Content starts

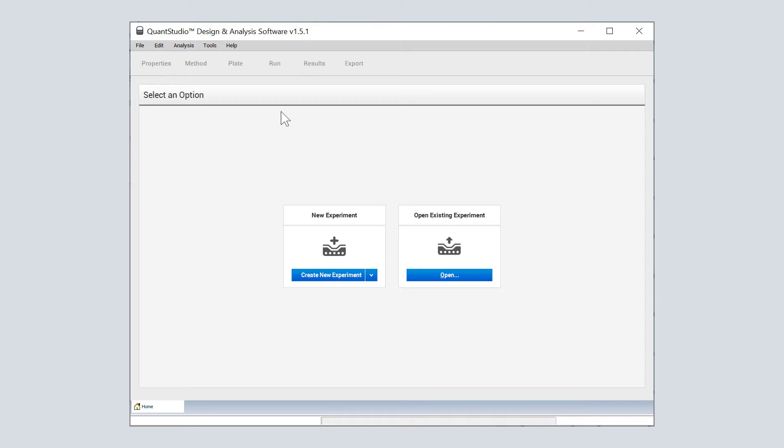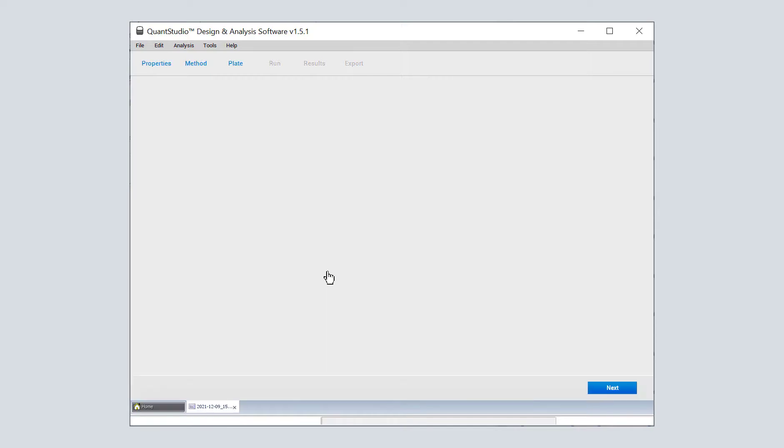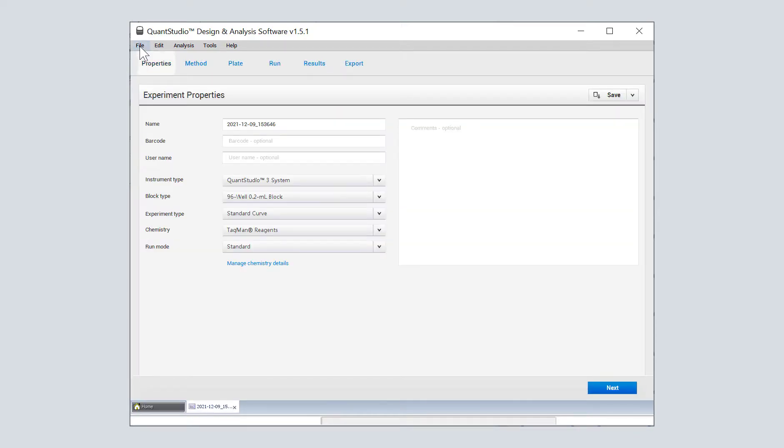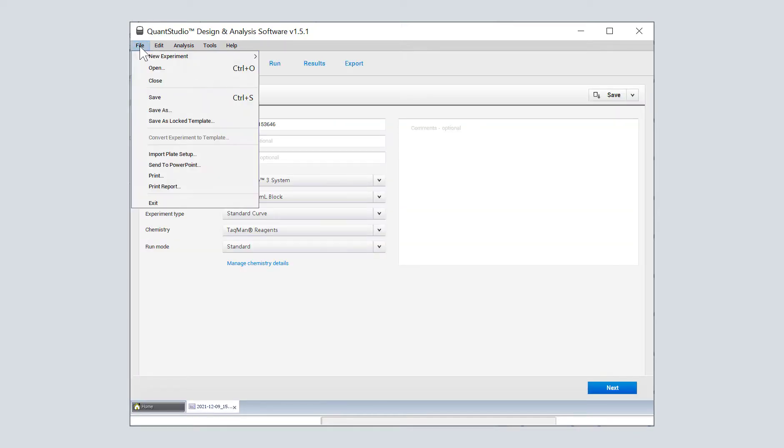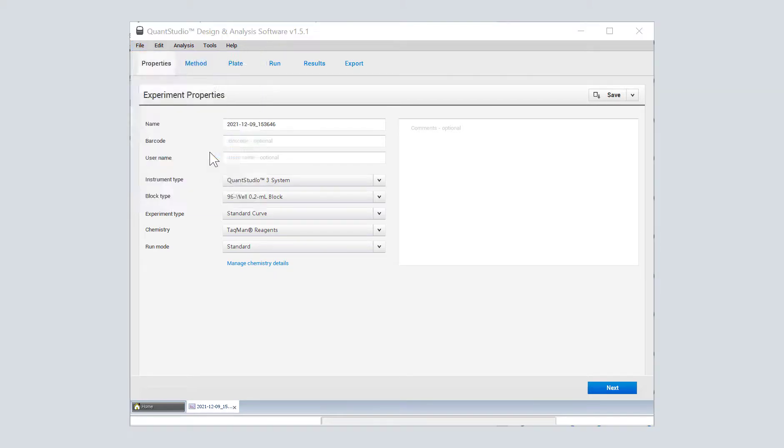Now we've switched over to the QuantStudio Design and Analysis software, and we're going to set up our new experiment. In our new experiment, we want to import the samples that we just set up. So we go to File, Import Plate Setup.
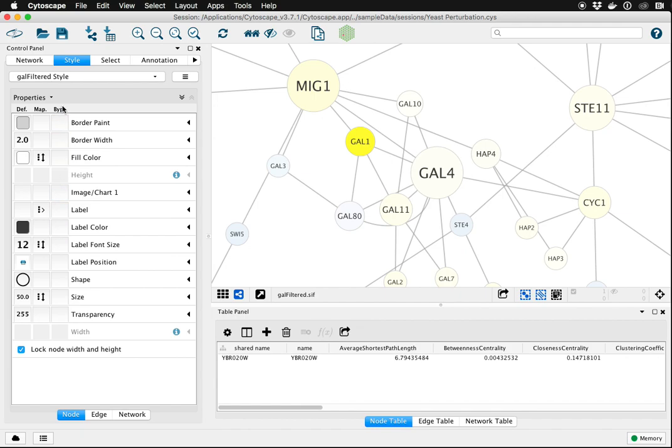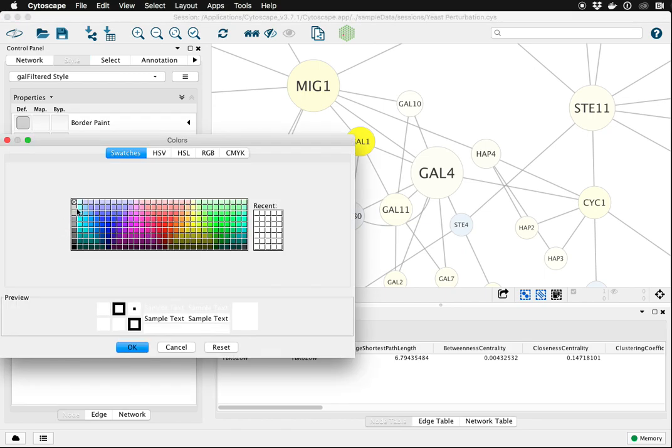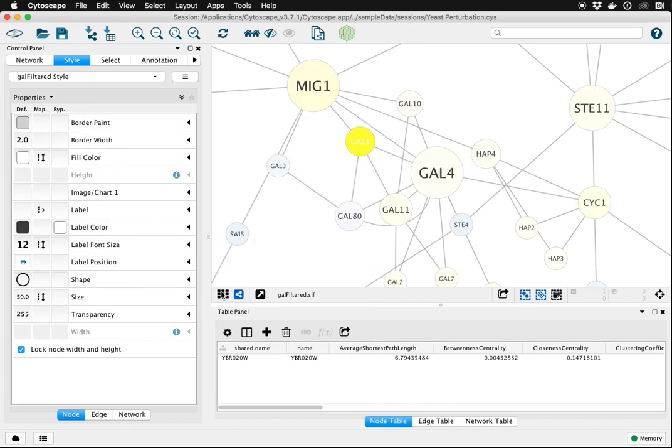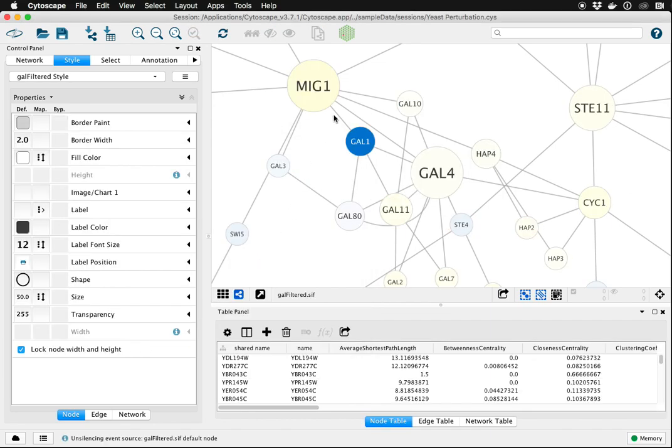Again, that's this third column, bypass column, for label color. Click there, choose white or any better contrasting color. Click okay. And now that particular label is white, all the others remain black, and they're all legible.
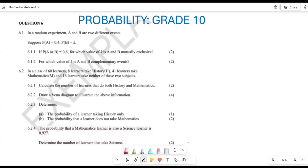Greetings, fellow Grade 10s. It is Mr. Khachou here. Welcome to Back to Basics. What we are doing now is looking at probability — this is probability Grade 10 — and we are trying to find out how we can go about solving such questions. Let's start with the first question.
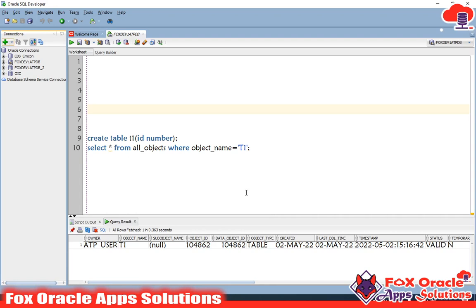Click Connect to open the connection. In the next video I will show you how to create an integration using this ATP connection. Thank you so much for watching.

Content ends
Content starts

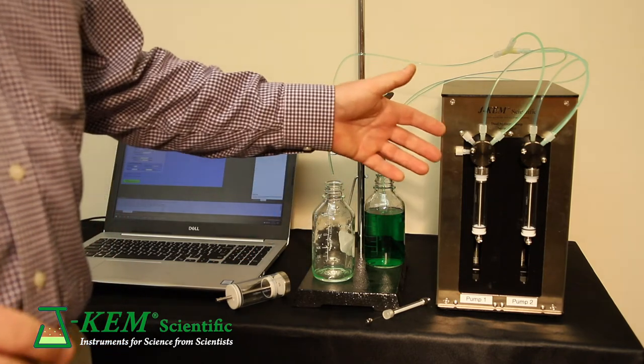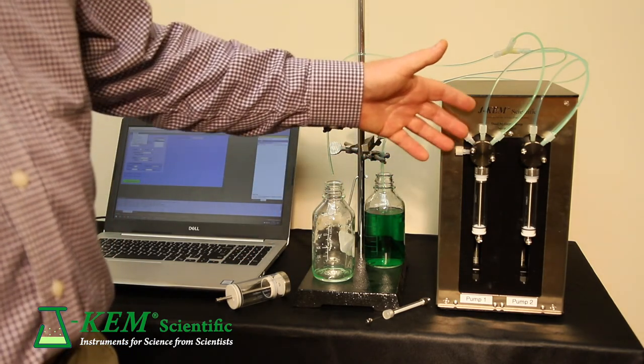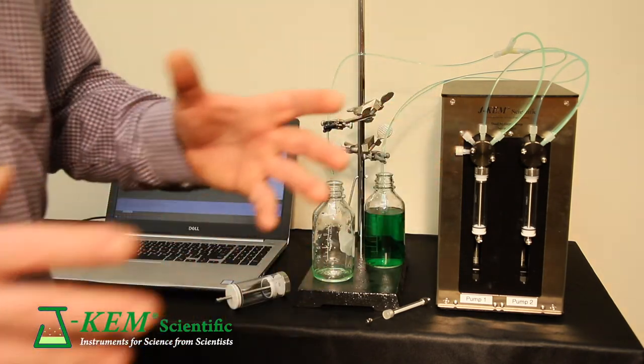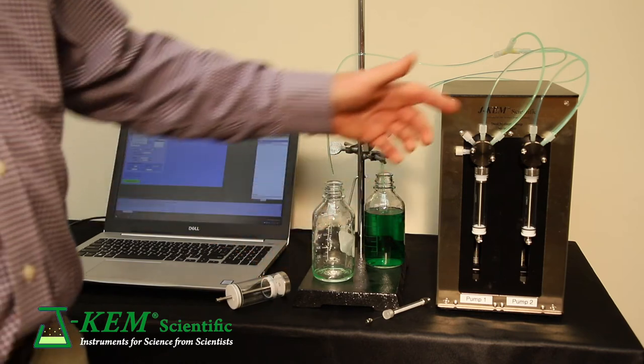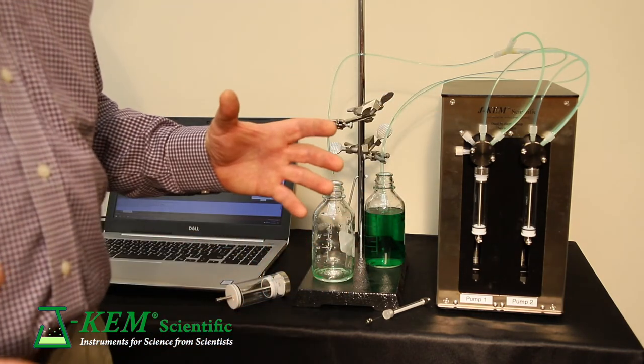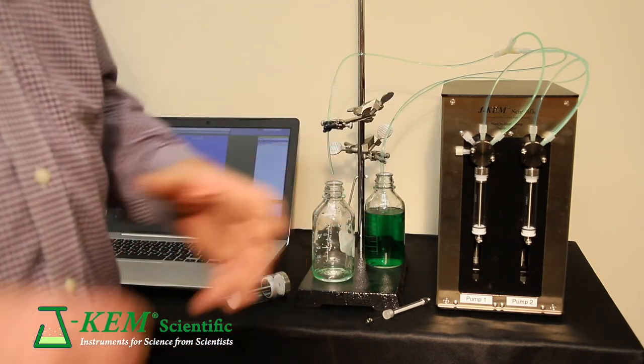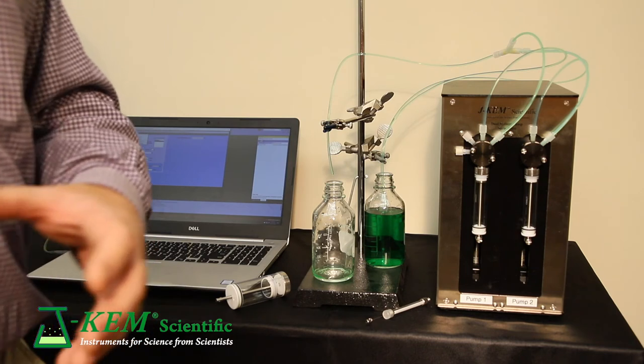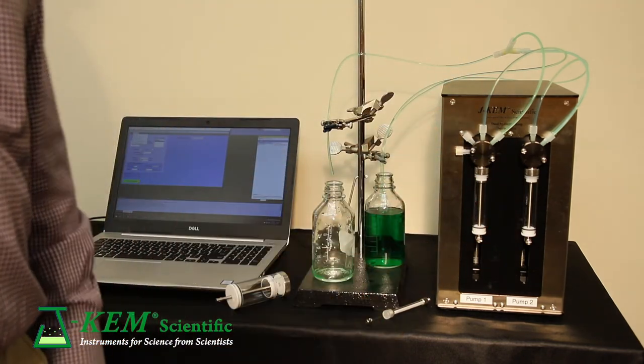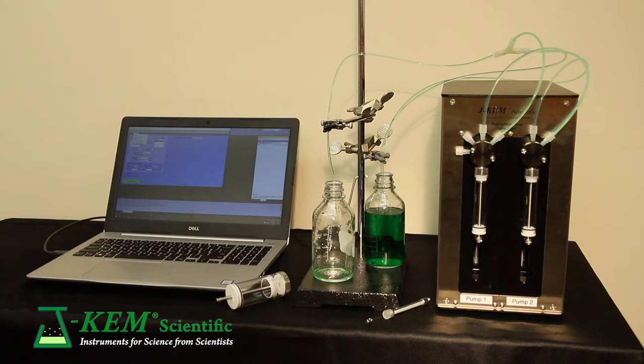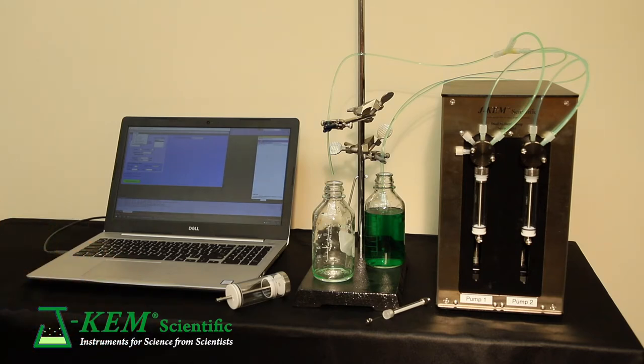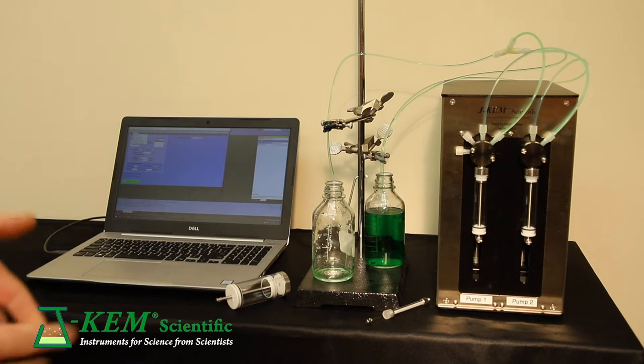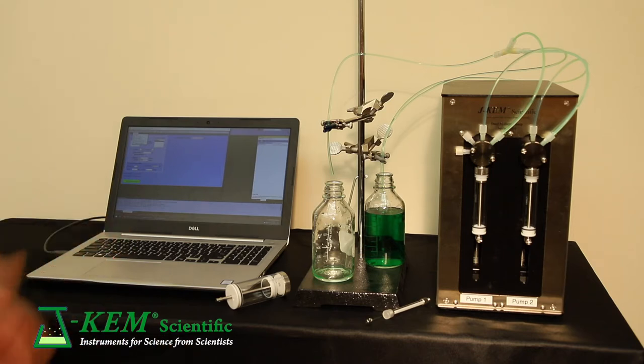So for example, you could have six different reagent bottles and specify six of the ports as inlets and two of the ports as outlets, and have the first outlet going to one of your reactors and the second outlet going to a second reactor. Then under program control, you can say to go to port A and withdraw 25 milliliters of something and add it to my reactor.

Content ends
Content starts

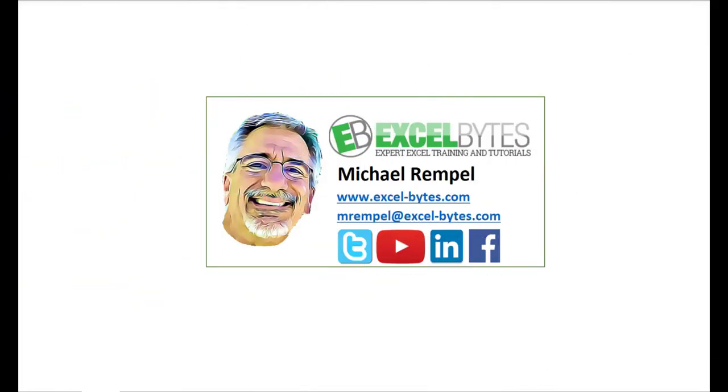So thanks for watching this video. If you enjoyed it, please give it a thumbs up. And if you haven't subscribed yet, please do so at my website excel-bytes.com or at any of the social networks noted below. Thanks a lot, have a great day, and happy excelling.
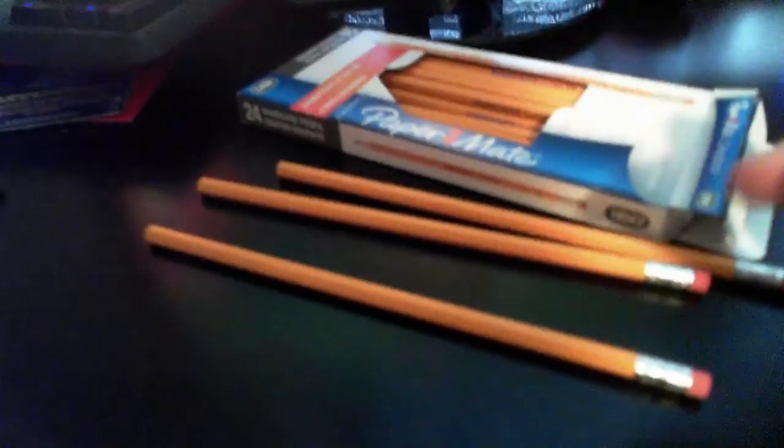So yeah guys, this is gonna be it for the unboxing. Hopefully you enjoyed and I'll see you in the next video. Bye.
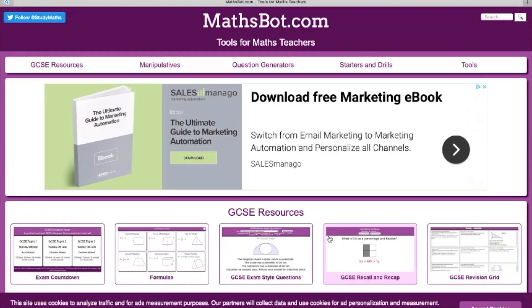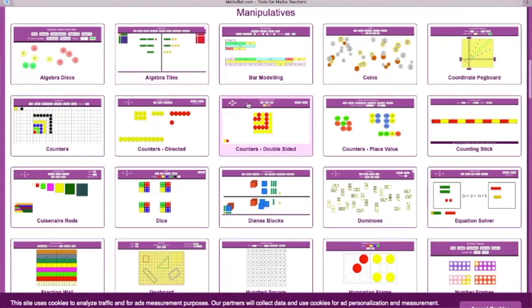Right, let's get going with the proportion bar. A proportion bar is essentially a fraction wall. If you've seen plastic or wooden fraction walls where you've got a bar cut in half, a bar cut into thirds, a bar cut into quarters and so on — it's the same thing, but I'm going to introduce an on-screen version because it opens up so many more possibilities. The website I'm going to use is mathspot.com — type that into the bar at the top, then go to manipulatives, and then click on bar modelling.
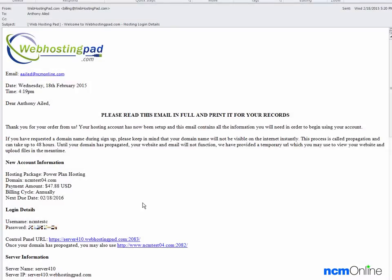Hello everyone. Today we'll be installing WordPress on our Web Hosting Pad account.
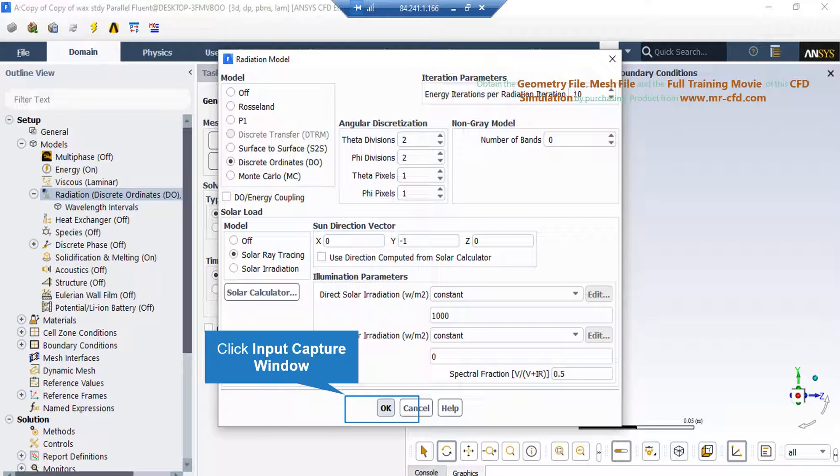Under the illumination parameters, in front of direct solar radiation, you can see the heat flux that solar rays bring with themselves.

Content ends

- WHAT YOU NEED TO DO: Above are records with pictures. Reproduce exactly only the lines from the line with "Greetings, fellow Grade" through the line with "Click Connect to", both ends included, and leave the pictures out.

- ANSWER FOR THE TASK:
Greetings, fellow Grade 10s. It is Mr. Khachou here. Welcome to Back to Basics. What we are doing now is looking at probability — this is probability Grade 10 — and we are trying to find out how we can go about solving such questions. Let's start with the first question.
Click Connect to open the connection. In the next video I will show you how to create an integration using this ATP connection. Thank you so much for watching.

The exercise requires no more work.